Se lo dije al dios Neptuno hace treinta años, cuando recibí el Bautismo del Mar en estas mismas aguas, a bordo del Pescapuerta IV, abanderado de la Primera Expedición Científica 86/87. El armadanzas del bautismo fue Colón, el que yo conozco de verdad, no el de los Reyes Católicos: José Luis Lorenzo Colón, nuestro almirante Cousteau del Morrazo. Colón, ayudado por el cocinero Benito, encarnó a Neptuno y nos bautizaron (a Manolo y Carrera, en adelante Chandarme y Maragota), con huevos rotos en la cabeza y champán para brindar. La ceremonia concluyó con un buen manguerazo a toda la tripulación.

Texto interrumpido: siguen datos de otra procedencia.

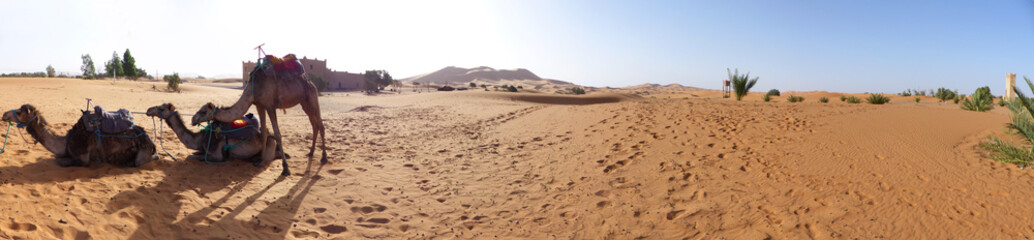 Panoramic view of dunes in the desert of Erg Chebbi, Merzouga, Sahara, Morocco. Dromedary caravan with tourists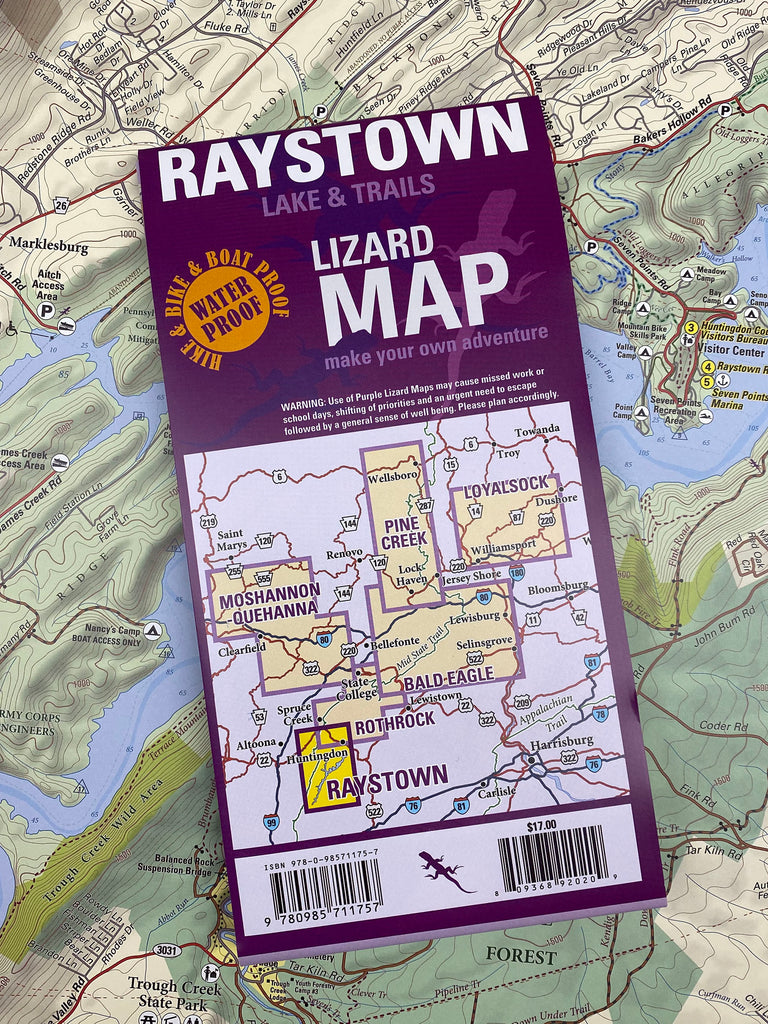 Raystownbackcover 1024x1024 ?v=1616081089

Agua de mar para baldear las morriñas y los malos augurios. También en el Sarmiento de Gamboa, cuya cubierta está ocupada por los nuevos contenedores y material que transportamos para ampliar las bases científicas en islas Decepción y Livingston, por lo que hicimos el bautismo en el limitado espacio del hangar, en presencia del dios Neptuno, de su amiga Salacia, escoltada por dos hermosos tritones, y del terrible pirata Davy Jones, tuerto tras una pelea a cuchillo por una robaliza.
A los sones de Piratas del Caribe, comparecieron los cinco incautos: Fidel Ryan, Roxhanny Madeleyne, Estefanía Alonso, Manuel Ceán y Álvaro Pastoriza, que ya serán conocidos para siempre por las leyes del mar como Cabirón, Bulárcama, Chumacera, Polipasto y Barbotén.
Al acabar las severas pruebas -escache de huevo, degustación de harina con sal y un pequeño diluvio-, cuyo detalle vamos a excusar porque hay menores leyendo, aproveché parta volver a encomendar nuestra navegación a Neptuno y, cogiéndole por el tridente, le dije: “¡Vamos a llevarnos, bien!”.
A lo que Neptuno sonrió como si fuera un diputado en Cortes, y nos ha enviado este tren de olas 3.0 que… ¡ahora vuelvo! (…)
No me quejo: un día en el infierno, purgando como Adán los pecados de la carne que no cometo, pues es tiempo de vigilia, y quince días en el paraíso. Me conformo con que Neptuno nos permita regresar a casa sanos y salvos, como hace treinta años, tras haber ensanchado nuestros horizontes: el personal de cada uno, esa Ítaca íntima que va creciendo en el viaje, curtiéndose en la dificultad, y el horizonte solidario y colectivo de cuantos participamos de esta Aventura de la Ciencia.
Les contaría más detalles, pero tengo que volver corriendo al baño.